Florida’s Intuitive Letter Grades Produce Results

The No Child Left Behind Act (NCLB) was a comprehensive, bipartisan response to a failing and inequitable public-education system, a system that held no one accountable for student learning, and as a result, consistently failed its most vulnerable charges. States were required to measure the academic achievement of all children, with schools accountable for results. Outcomes improved, particularly among minority and low-income students, according to data from the National Assessment of Educational Progress (NAEP). But progress has not come fast enough, in part because NCLB came with an unintended consequence.

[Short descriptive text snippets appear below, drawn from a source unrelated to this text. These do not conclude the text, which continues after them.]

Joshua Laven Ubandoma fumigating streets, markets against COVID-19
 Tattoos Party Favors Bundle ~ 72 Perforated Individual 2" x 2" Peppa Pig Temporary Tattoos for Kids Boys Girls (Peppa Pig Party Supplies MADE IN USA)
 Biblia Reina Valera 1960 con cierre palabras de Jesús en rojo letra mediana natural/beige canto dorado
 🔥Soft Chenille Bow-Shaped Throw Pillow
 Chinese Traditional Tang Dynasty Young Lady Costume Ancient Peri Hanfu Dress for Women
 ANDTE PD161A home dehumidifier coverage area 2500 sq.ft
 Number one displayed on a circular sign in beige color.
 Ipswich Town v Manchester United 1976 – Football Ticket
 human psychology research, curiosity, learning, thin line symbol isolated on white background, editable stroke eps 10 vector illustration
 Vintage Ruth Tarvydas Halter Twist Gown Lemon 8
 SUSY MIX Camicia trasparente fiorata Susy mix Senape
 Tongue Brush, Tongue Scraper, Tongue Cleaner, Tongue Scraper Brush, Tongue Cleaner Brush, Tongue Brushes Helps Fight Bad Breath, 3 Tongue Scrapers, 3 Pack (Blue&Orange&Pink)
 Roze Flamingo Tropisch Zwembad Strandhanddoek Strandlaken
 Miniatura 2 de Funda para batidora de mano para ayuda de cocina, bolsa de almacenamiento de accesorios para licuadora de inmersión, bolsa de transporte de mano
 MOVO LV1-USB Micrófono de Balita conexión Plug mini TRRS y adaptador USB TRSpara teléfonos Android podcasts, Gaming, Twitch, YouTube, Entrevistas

The law’s overly prescriptive approach created a perverse incentive for states to lower academic expectations in order to avoid federal sanctions.

Its successor, the similarly bipartisan Every Student Succeeds Act (ESSA), moves to correct some of those flaws by giving states more autonomy to fashion their own accountability systems and intervention policies. As states navigate implementation, I encourage them to use their expanded authority to strengthen accountability rather than retreat from it. This is in their students’ interest, and their own self-interest. Look no further than research from Eric Hanushek, Jens Ruhose, and Ludger Woessmann about the strong correlation between achievement in a state’s classrooms and growth in a state’s economy to understand some of the compelling reasons to improve education (see “It Pays to Improve School Quality,” features, Summer 2016).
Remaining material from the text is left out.